In the model, a person can become infected after contact with another person who is infected with the coronavirus SARS-CoV-2. The probability of becoming infected is defined such that the number of estimated ICU admissions corresponds as closely as possible to the actual number of ICU admissions. The risk of becoming infected may change over time. If a person is infected, their age determines their risk of developing symptoms, their risk of ending up in hospital, and their risk of being admitted to the ICU or dying. If a person is admitted to hospital or ICU, then the duration of their hospitalisation or ICU admission is defined such that it corresponds to the data provided by the National Intensive Care Evaluation (NICE) Foundation. For this purpose, we fit a distribution to the observed admission figures . The NICE admission figures for the last few days are often incomplete. We correct for the reporting delay.

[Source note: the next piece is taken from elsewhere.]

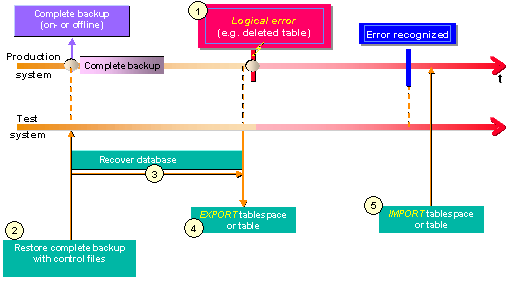 This graphic is explained in the accompanying text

By now, we know quite a lot about containing the spread and flattening the curve of the COVID-19 epidemic. The chart above shows calculations for the effect of the measures on ICU capacity in the Netherlands. The red line represents a scenario in which the Netherlands does not take any measures. The thick blue line on the chart represents the most likely scenario. The blue shaded region indicates the margins of uncertainty. The margins of uncertainty are smaller than they were at the beginning of the outbreak because we know more about how disease spreads now. The actual line is somewhere within that blue shaded region.
What do modelling results look like?
These are calculations that RIVM made to estimate the percentage of the different variants. Each variant has been labelled: the Alpha variant (first identified in the UK) is officially designated B.1.1.7, while Beta (South Africa) is B.1.351, Gamma (Brazil) is P.1, and Delta (India) is B.1.617.2.

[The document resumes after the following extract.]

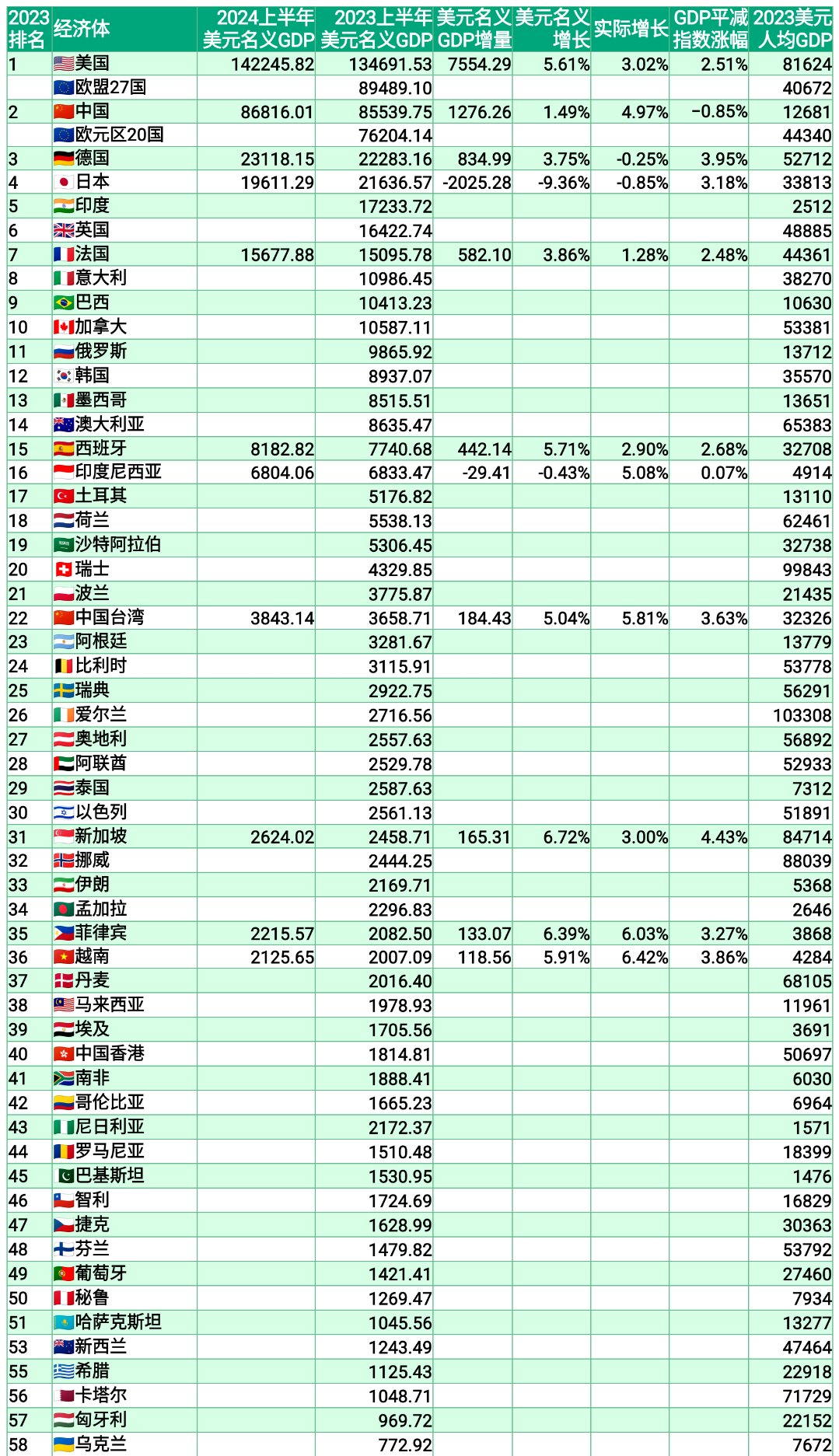 世界各国gdp占比图片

The lines show the estimates for the variants. The bands on either side of the lines represent uncertainty. The dots indicate the measurements from pathogen surveillance, while the vertical lines indicate the associated margins of uncertainty. This was a prediction that was later updated by adding the actual number of reported infections. As you can see, the calculations are constantly updated based on the latest data.

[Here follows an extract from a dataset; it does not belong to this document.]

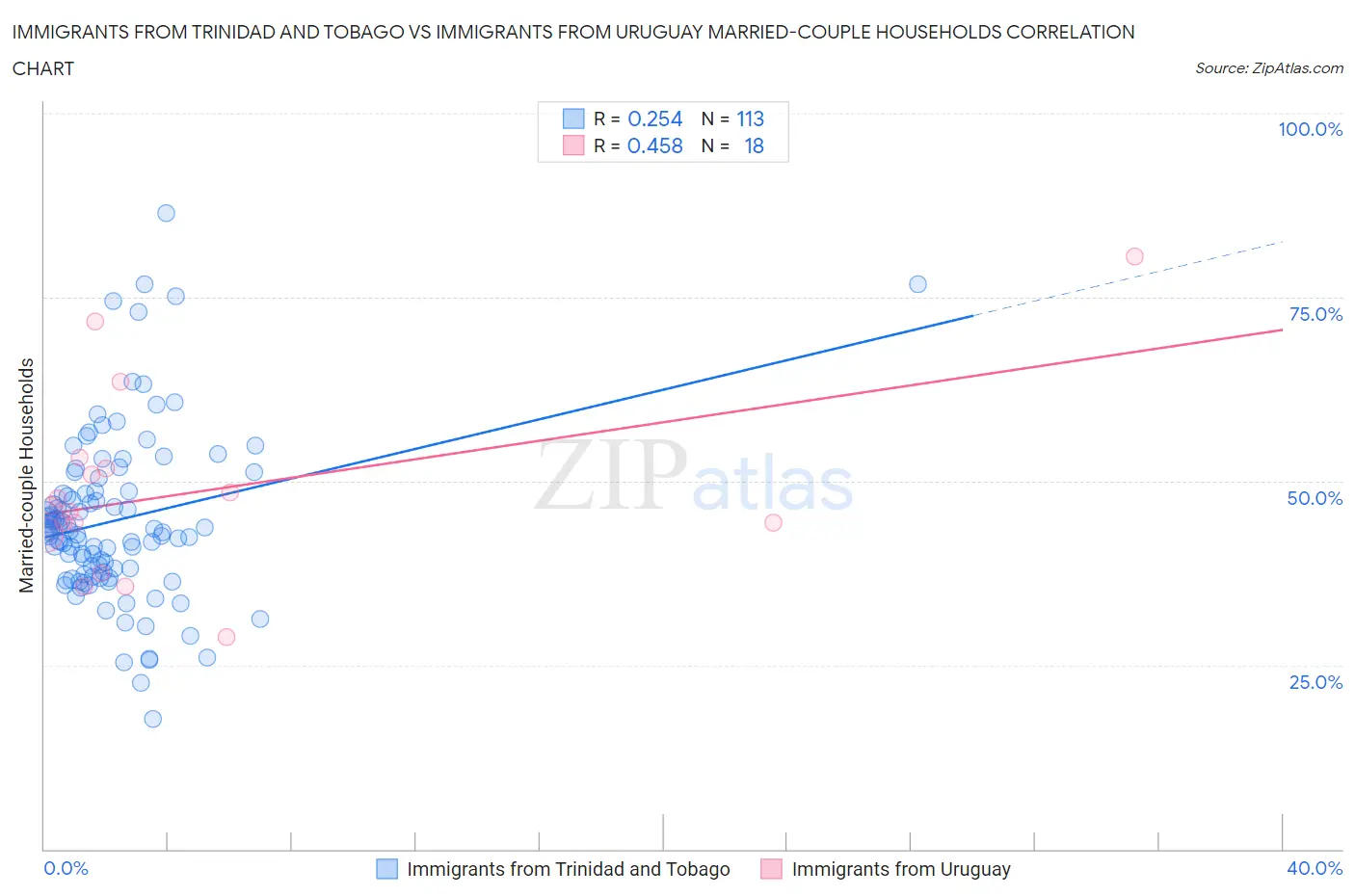 Immigrants from Trinidad and Tobago vs Immigrants from Uruguay Married-couple Households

*This forecast assumes that vaccines provide equal protection against all variants. The margins of uncertainty are wide.
6 August 2021
13 August 2021
What safeguards are in place to ensure the quality of the models?
RIVM offers its models and research results for publication in international peer-reviewed journals. International experts then assess the manuscript, the models, and the results. These experts often provide comments and feedback anonymously; the model and the results are only published once the experts have approved them. When the results are published, the codes and data that we used are also released to the public.
Speed is important for purposes of crisis management and policy advice. In order to guarantee the same quality, we build on models and algorithms that have already passed the peer review process. RIVM shares and compares this information with all sorts of organisations in the Netherlands and abroad, including the World Health Organisation (WHO) and the European Centre for Disease Prevention and Control (ECDC), and with health institutes in other European countries. Many of the policy recommendations also have added value for research purposes. Also, after the models and results are used for crisis management and policy advice, they are then used for further research, which is then subjected to peer review before publication.